A lot of senators have been trying for many years to get more physicians.

However, there are two senators that are effectively killing these bills; Orrin Hatch of Utah and Fred Upton of Michigan.

The bills in question (S1148 and H.R. 2124) have been continually reintroduced since 2009 (as far as I can tell). They get sent to committees to be killed off. Hatch and Upton are the chairs of the respective committees. Hatch is chairman of the senate finance committe and Upton is the chair of the sub-committee on health care. The bills are not expected to make it out of the committees.
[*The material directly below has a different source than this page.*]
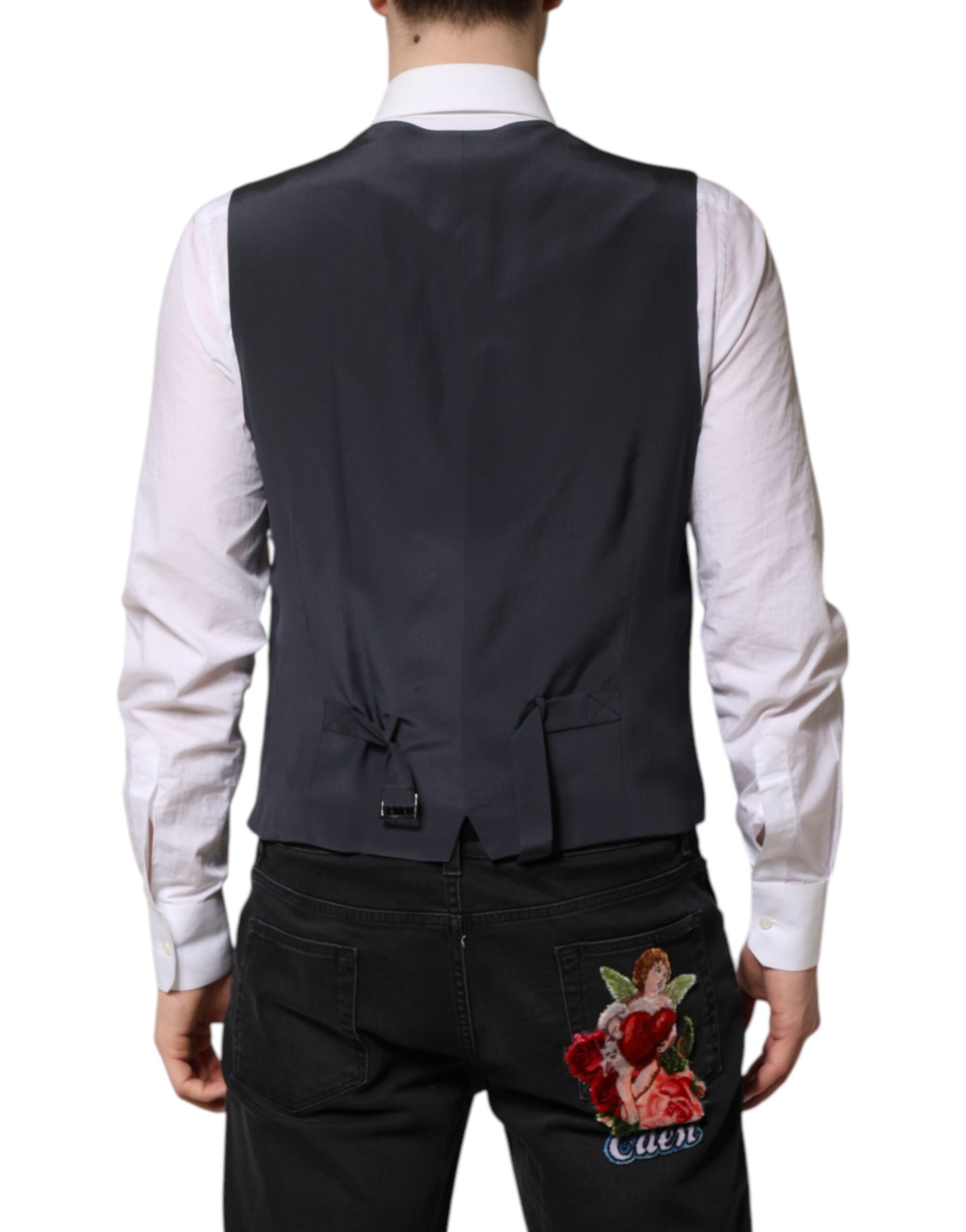 A gray plaid wool vest with a lapel and two pockets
These bills would increase the number of physicians by 15k and provide for an annual increase of 3k physicians.

The surprising thing is that congress has been paying for the training of physicians through Medicaid for a very long time. The idea is that hospitals can't afford to pay the low salaries of resident physicans because they can't bill out their time. They are an expense. So, the medical community refuses to train physicians in residency at their own expense.

Congress pays the hospitals over 100k per year for a resident physician. The physician then gets paid around $13.00 per hour on average.

Net Effect

A physician shortage is nothing more than price fixing to keep an artificially high price. The benefit of the shortage goes to the doctors, hospitals, and insurance carriers. Not training doctors is simply a way to help artificially inflate care and support big business.

The shortage is no accident. To balance the budget, congress capped residencies back in 1997. The cap is still in effect today and nothing has changed. A really big doctor shortage is predicted by many economists and analysts. One thing is for sure, you can't expect the trade unions that benefit from the shortage (AMA) to fix it. And, since congress doesn't want to pay for it either, we sit at a stalemate.